Олег ЕРМАКОВ. ЗА НЕДОЛГУЮ НЕЖНОСТЬ В ГРУДИ

№ 2018 / 18, 18.05.2018

Известно, что книги не только мы читаем, но и книги читают нас. Читают и запоминают наше время. И когда с полки снимаешь ту или иную книгу, открываешь, – и окунаешься в прошлое. Ну, впрочем, это происходит не со всеми книгами, а только с особенными, с теми, которые ты мысленно ставишь на «золотую полку».

Впервые о Николае Рубцове мне пришлось узнать за тридевять земель, в окрестностях провинциального центра древнего города Газни (в саду которого, между прочим, похоронен великий суфийский средневековый поэт Санайи), в полку посреди выжженной степи. О нём написал бывший геолог, работавший в Баргузинском заповеднике электриком, Валера Меньшиков. Он и сам писал стихи. В заповеднике мы и познакомились. Меньшиков очень тепло отзывался о Рубцове и писал, что тот покорил его буквально одной строкой: «За недолгую нежность в груди». А прислал он мне стихотворение «Плыть, плыть, плыть».

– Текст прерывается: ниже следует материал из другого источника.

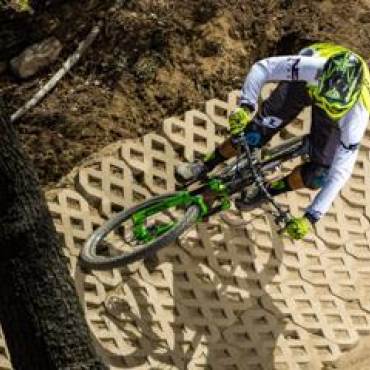 A mountain biker rides down the mountain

Стихотворение это начиналось знакомой характеристикой нашего мира: «В жарком тумане дня». Дни над степью стояли огненные, пыльные, горьковатые от махорочных сигарет «Охотничьи»… Но уже вторая строка странным изломом уводила прочь: «Сонный встряхнём фиорд». Фиорд сулил что-то иное, в нём предчувствовалась прохладная синева. И призывный клич: «Эй, капитан! Меня, / Первым прими на борт!» – отзывался согласным эхом в груди. И уже было ясно, что «капитан» – не наш командир батареи, с которым надо бороздить пучину пыли в тягаче, – а какой-то необыкновенный капитан вроде Ахава из «Моби Дика».

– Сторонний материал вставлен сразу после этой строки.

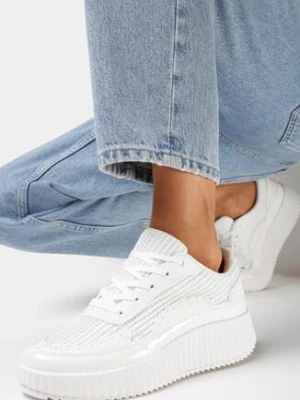 Zdjęcie produktu Białe Sneakersy z Patchworkową Cholewką i Tłoczoną Platformą Geridia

И точно! Вторая строфа уже подхватывала тебя и влекла по чудесным волнам: «Плыть, плыть, плыть / Мимо могильных плит, / Мимо церковных рам»… И это движение не спадало, остановки не было, корабль на всех парусах или парах шёл дальше, выше. Вот возникало такое впечатление морской крутизны, округлой, волнующейся. И следовали бодрые команды, которым сердце с радостью подчинялось: «Скучные мысли – прочь! / Думать и думать – лень! / Звёзды на небе – ночь! / Солнце на небе – день!» Тут возникало такое легкокрылое чувство беззаботности. Это было похоже на что-то дзенское. Живи и смотри здесь и сейчас. Здесь? Посреди опостылевшей степи? Не думай, ведь на самом деле это уже не степь, а фиорд, море.

И снова: «Плыть, плыть, плыть / Мимо родной ветлы». Но это уже и не море, это родная река Днепр. Да, точно: «Мимо зовущих нас / Милых, сиротских глаз…» Где ещё такие увидишь?

Хотя совсем недавно, весной мы выезжали из полка и перед одним кишлаком нам повстречались мальчишка с девочкой, кое-как одетые, в резиновых калошах на босу ногу, напоминавшие наших детей с фотографий военной поры, они гнали небольшое стадо грязных овец, мальчишка лишь мельком взглянул на нас, а вот девочка глядела долго и упорно, удивлённо, и как-то мучительно. Мне этот взгляд крепко запомнился.

Такой же взгляд был у девочки постарше на въезде в городишко перед ущельем Панджшер, окрестности которого мы обстреливали с высоты с утра; вместе с матерью она помогала идти, наверное, своему отцу, мужчине с бородкой, в окровавленной накидке.

 

n rubcov dusha khranit 1969

Перед этим и наши позиции обстреляли, мы разбежались по укрытиям, пригибаясь под пулями; да один парень из соседней батареи другого полка не успел, пуля попала ему в живот.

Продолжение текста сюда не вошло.